Deuxièmement, si on engage des travailleurs, il faut s'attendre à devoir tout leur expliquer, mais vraiment tout. À chaque jour, une quinzaine de personnes arrêtaient pour venir demander un emploi. C'est un gros problème ici, les gens sans emplois et sans formation. Le salaire minimum est d'environ 85$/mois. Et puisqu'il y a pleins de gens sans emploi, ceux qui travaillent acceptent des conditions bien minables de peur de perdre leur emploi. J'ai été témoins de quelques jobs absolument impensables au niveau sécurité ou sanitaire au Québec...
Mes amis ghanéens
J'ai passé plusieurs jours au Wanderers Backpakers, le seul endroit où l'on peut camper, en pleine ville. Et j'ai eu le bonheur de partager le quotidien avec ces trois footballeurs ghanéens qui habitent ici.
(Michael, Eben et Blessing qui vivent très humblement dans une tente, en attendant de signer un gros contrat. Ils n'ont que très peu de possessions, mais parmi celles-ci, plusieurs exemplaires de la Bible et ils peuvent m'en réciter des passages. Ils croient en l'amour, le vrai, pour toute la vie. Les côtoyer a été très enrichissant...)

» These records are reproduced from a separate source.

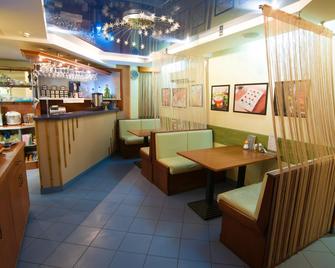 套房飯店 - 葉卡特琳堡 - 餐廳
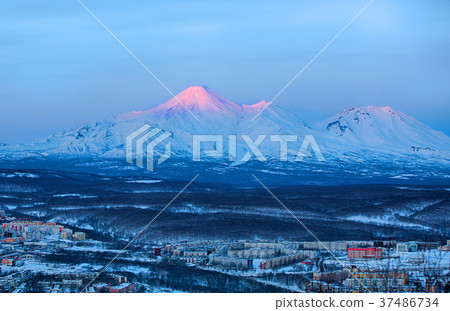 Panoramic view of the city Panoramic view of the city 37486734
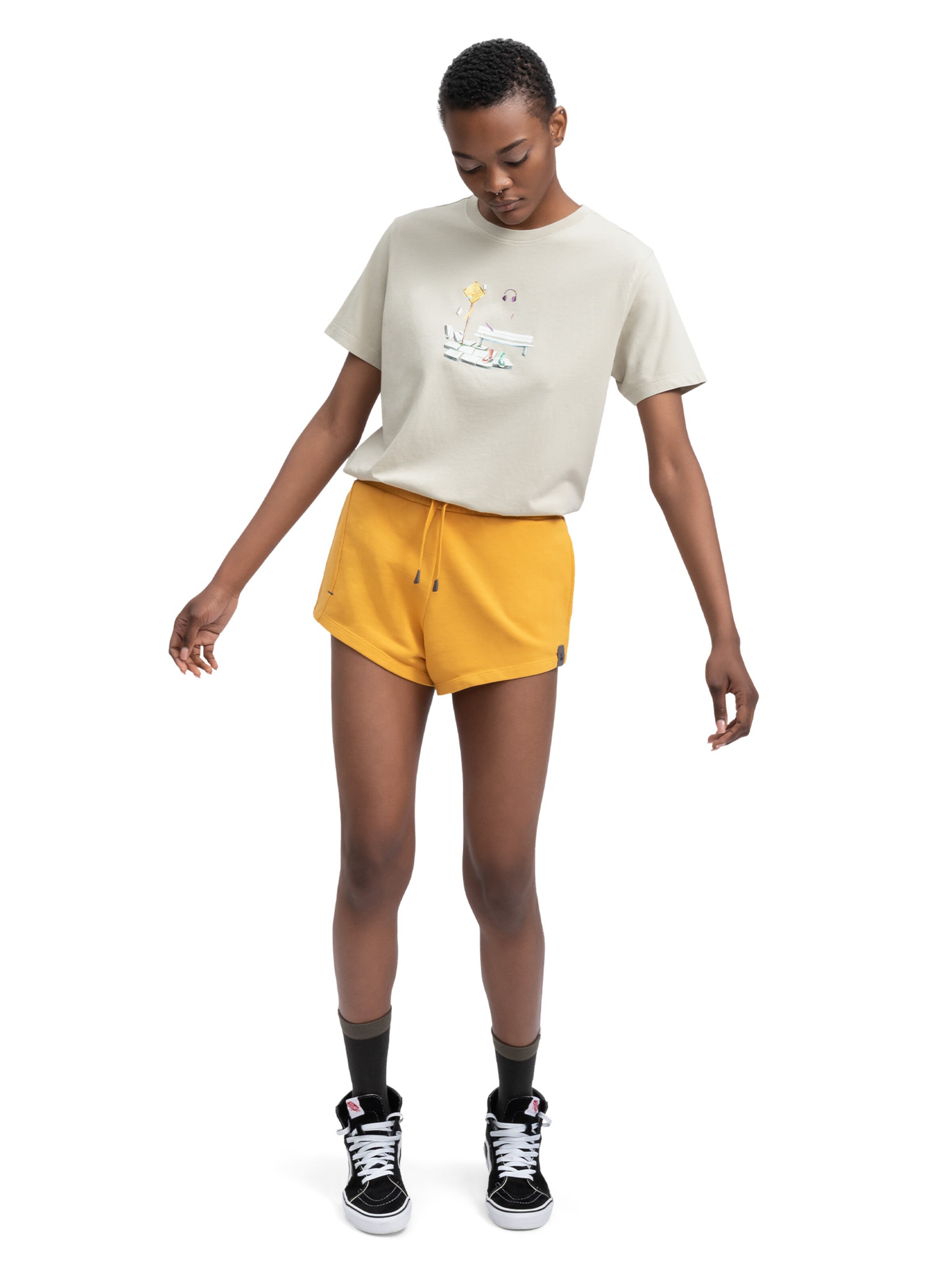 Maglietta 'Yuvica' di Kaft in beige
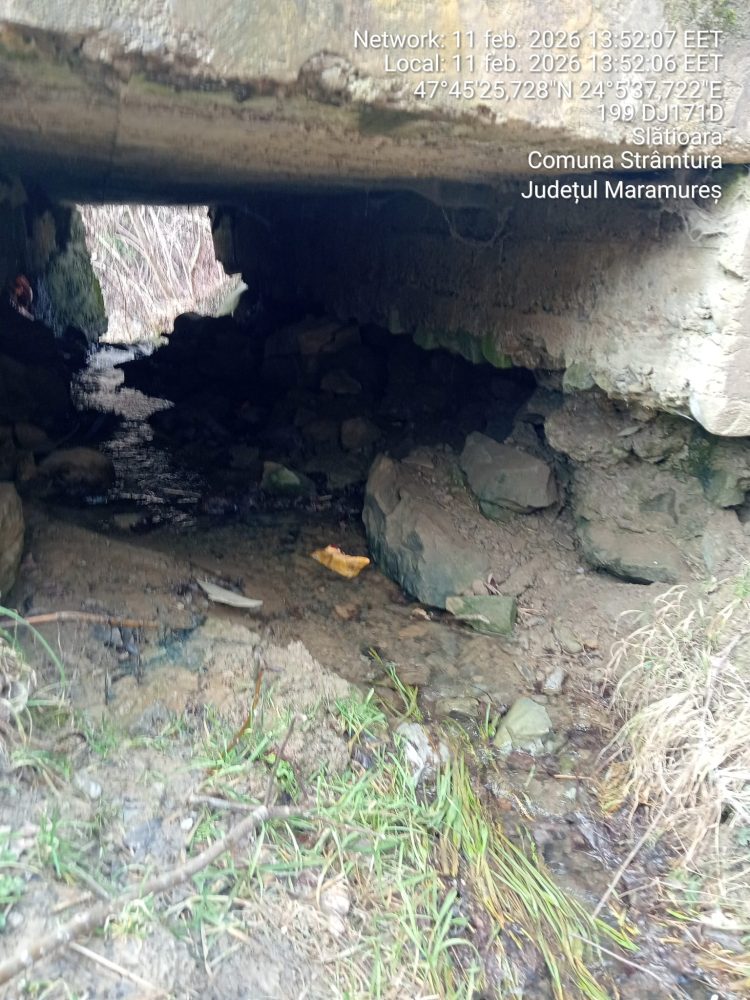 Intervenție de urgență la podețul din Slătioara. Se prăbușesc drumurile Maramureșului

À propos de l'électricité...
Les coupures de courant se produisent à chaque jour et durent plusieurs heures. Ça se produit sans préavis, à n'importe quelle heure, mais généralement quand on s'apprête à vouloir cuisiner ou lorsque l'on a besoin d'internet. Il faut donc apprendre à cuisiner avec un "braiser", c'est ce que tout le monde utilise pour cuisiner et pour se réchauffer. Ça fonctionne au charbon.
(Le braiser et les cannes de peinture en guise de siège. J'ai passé plusieurs soirées autour de ce feu!)